Pass openGL data to CUDA. Question about speed.

My application is going to take the rendered results from openGL (both depth map and the rendered 2D image information)
to CUDA for processing.

One way I did is to retrieve image/depth map by glReadPixel(…, image_array_HOST/depth_array_Host)*, and then pass image_HOST/depth_HOST to CUDA
by cudaMemcpy(…, cudaMemcpyHostToDevice). I have done this part, although it sounds redundant. (from GPU>CPU>GPU).
*image_array_HOST/depth_array_Host are array I define on host.

Another way is to use openGL<>cuda interpol.
First step is to create one buffer in openGL, and then pass image/depth information to that pixel buffer.
Also one cuda token is registered and linked to that buffer. And then link the matrix on CUDA to that cuda token.
(as far as I know, seems there is no a direct way to link pixel buffer to cuda matrix, there should be a cudatoken for openGL to recognize. Please, correct me if I ma wrong.)

I have also done this part. It thought it should be fairly efficicent becasue the data CUDA is processing was
not transferred to anywhere, but just at where it is located on openGL. It is a data processing inside the device(GPU).

However, the spent time I got from the 2nd method is even (slightly) longerr than the first one (GPU>CPU>GPU).
That really confuses me.

I am not sure if I missed any part, or maybe I didn’t do it in an efficient way.

One thing I am also not sure is glReadPixel(…,*data).
In my understanding, if *data is a pointer linking to memory on HOST, then it will do the data transferring from GPU>CPU.
If *data=0, and one buffer is bind, then the data will be transferred to that buffer, and it should be a GPU>GPU thing.

Maybe some other method can pass the data more efficiently then glReadPixel(…,0).
Following is my code, and sorry I don’t know know to post the code properly, so it is showns as normal words.

Hope some people can explain my question. Many thanks.
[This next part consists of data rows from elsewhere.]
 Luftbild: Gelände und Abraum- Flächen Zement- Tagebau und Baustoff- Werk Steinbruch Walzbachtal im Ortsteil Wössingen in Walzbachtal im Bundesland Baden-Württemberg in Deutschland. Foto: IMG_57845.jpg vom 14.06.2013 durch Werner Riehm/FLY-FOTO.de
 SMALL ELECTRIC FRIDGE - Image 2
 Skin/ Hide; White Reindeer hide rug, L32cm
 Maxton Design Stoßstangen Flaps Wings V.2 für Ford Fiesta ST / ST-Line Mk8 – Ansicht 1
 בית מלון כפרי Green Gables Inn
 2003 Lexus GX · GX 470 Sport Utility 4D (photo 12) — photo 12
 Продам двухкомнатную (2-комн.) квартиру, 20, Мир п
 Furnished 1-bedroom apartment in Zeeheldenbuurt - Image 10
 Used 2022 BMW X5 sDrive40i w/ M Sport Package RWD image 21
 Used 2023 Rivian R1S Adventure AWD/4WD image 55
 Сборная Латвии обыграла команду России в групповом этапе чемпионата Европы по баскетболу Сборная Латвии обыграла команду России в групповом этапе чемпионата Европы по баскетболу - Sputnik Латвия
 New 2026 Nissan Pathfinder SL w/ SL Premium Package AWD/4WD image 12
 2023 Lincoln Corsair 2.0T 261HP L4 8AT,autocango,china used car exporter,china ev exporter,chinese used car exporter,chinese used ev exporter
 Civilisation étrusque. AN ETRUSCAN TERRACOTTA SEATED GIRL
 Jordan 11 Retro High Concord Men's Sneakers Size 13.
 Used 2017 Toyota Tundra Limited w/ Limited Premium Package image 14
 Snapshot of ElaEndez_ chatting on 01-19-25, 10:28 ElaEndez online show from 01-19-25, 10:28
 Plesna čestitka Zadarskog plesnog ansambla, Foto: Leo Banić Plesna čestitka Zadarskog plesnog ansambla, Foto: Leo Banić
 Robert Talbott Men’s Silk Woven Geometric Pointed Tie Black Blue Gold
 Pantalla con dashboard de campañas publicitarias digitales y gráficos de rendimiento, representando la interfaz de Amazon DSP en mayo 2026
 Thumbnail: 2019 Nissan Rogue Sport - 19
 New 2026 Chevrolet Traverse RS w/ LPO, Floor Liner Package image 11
// declare one pointer and memory location on cuda for later use.
float *depth_map_Device;
cudaMalloc((void**) &depth_map_Device, sizeof(float) * size); 


// inititate cuda<>openGL
cudaGLSetGLDevice(0);	


// generate a buffer, and link the cuda token to it -- buffer <>cuda token
GLuint gl_pbo;
cudaGraphicsResource_t cudaToken;	
size_t data_size = sizeof(float)*number_data;		// number_data is defined beforehand
void *data = malloc(data_size);
glGenBuffers(1, &gl_pbo);
glBindBuffer(GL_ARRAY_BUFFER, gl_pbo);
glBufferData(GL_ARRAY_BUFFER, size, data, GL_DYNAMIC_DRAW);	
glBindBuffer(GL_ARRAY_BUFFER, 0);
cudaGraphicsGLRegisterBuffer(&cudaToken, gl_pbo, cudaGraphicsMapFlagsNone);	
    free(data);
    // now there is a link between gl_buffer and cudaResource


// now it start to map(link) the data on buffer to cuda 
glBindBuffer(GL_PIXEL_PACK_BUFFER, gl_pbo);						
glReadPixels(0, 0, width, height, GL_RED, GL_FLOAT, 0);			
// map the rendered data to buffer, since it is glReadPixels(..,0).
    // it should be still fast?   (GPU>GPU)
// width & height are defined beforehand. 
    // It can be GL_DEPTH_COMPONENT or others as well, just an example here.
glBindBuffer(GL_PIXEL_UNPACK_BUFFER, gl_pbo);						
cudaGraphicsMapResources(1, &cudaToken, 0);		
    // let cufaResource which has a link to gl_buffer to the the current CUDA windows
cudaGraphicsResourceGetMappedPointer((void **)&depth_map_Device,  &data_size, cudaToken);	
    // transfer data
cudaGraphicsUnmapResources(1, &cudaToken, 0);			// unmap it, for the next round

// CUDA kernel
my_kernel		<<<block_number, thread_number>>> (...,depth_map_Device,...);

Hi:

Since there is no reply yet, I push this post again.

Many thanks

I think I can answer my question partly now, and hope it is useful for some people.

I was binding pbo to a float cuda (GPU) memory, but seems the openGL raw image rendered data is unsigned char format, (following is my supposition) so this data need to be transformed to float and then pass to cuda memory. I think what openGL did is using CPU to do this format transformation, and that is why there is no big difference between with and without using pbo.

By using unsigned char (glreadpixel(…,GL_UNSIGNED_BYTE,0)), binding with pbo is quicker than without using pbo for reading RGB data. And then I pass it do a simple cuda kernel to do the format transformation, which is more efficient than what openGL did. By doing this the speed is much quicker.

However, it doesnt work for depth buffer. For some reason, reading depth map by glreadpixel (no matter with/without pbo) is slow. And then, I found two old discussions: http://www.opengl.org/discussion_boards/showthread.php/153121-Reading-the-Depth-Buffer-Why-so-slow

http://www.opengl.org/discussion_boards/showthread.php/173205-Saving-Restoring-Depth-Buffer-to-from-PBO

They pointed out the format question, and that is exactly what I found for RGB. (unsigned char). But I have tried unsigned char/unsigned short and unsigned int, and float for reading depth buffer, all performance almost the same speed.

So I still have speed problem for reading depth.

Does anyone have clue about how to increase the speed of reading depth map (with pbo probably)?

I think, ideally it should be able to be as quick as reading RGB (glreadpixels with pbo).

But currently, reading depth map cost me about 10 times more than reading red channel (GL_RED).

Late reply but maybe useful for others:

Since the access of the OpenGL depth buffer from CUDA is still a problem, the workaround would be to write your own fragment shader which stores the depth data in a RGB render buffer instead of the usual depth render buffer.